The new talks would mean the digital bank is now worth six times more than it was a year ago – after seeing its losses double.

Klarna’s recent fundraising, which saw it valued at $45.6bn, is said to have been a factor in Revolut’s ability to target a far higher valuation.

The latest developments will fuel questions about the ability of loss-making technology companies to attract price tags in excess of all but the largest publicly listed companies.

Even at the lower end of its mooted $30bn-$40bn range, Revolut would be worth more than almost three-quarters of the companies in London’s FTSE-100 index.

A global wave of investor interest in public and private tech companies has propelled valuations to record highs – fuelled in part by the recent deluge of US-listed special purpose acquisition companies (SPACs).

Nik Storonsky, the company’s founder and chief executive, said recently that the company was in the early stage of talks about raising further funds while pointing out that it was not in need of additional capital.

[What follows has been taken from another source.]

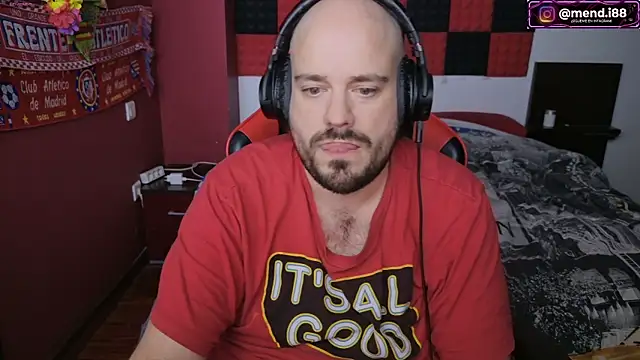 menditeta1 online show from April 25, 11:02 pm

In May, Revolut disclosed losses in 2020 of just over £200m as its rapid growth saw staff costs increase substantially.

It said it was profitable in the final two months of the year.

Mr Storonsky would become a paper billionaire several times over if the latest fundraising talks are successful.

Revolut, which now has a presence in 35 countries and more than 15 million customers, is in the process of applying for a UK banking licence that will allow it to take deposits in its home market.

It is chaired by the City veteran Martin Gilbert, while the former Goldman Sachs International co-chief executive Michael Sherwood also sits on its board.

The company recently introduced an equity participation plan for its 2200 employees, which would see their stakes worth substantial sums at the latest valuation.

It has struggled with significant compliance issues and wave of executive departures but is said to be confident that it has largely addressed historic flaws in its systems.

Mr Storonsky recently said he was working on expansion plans that included India, Latin America and South Korea.

The current fundraising talks are likely to spur speculation about when – and where – Revolut might eventually choose to become a public company.

Rishi Sunak, the chancellor, has backed a series of proposals to improve the UK’s listings regime for fast-growing tech companies.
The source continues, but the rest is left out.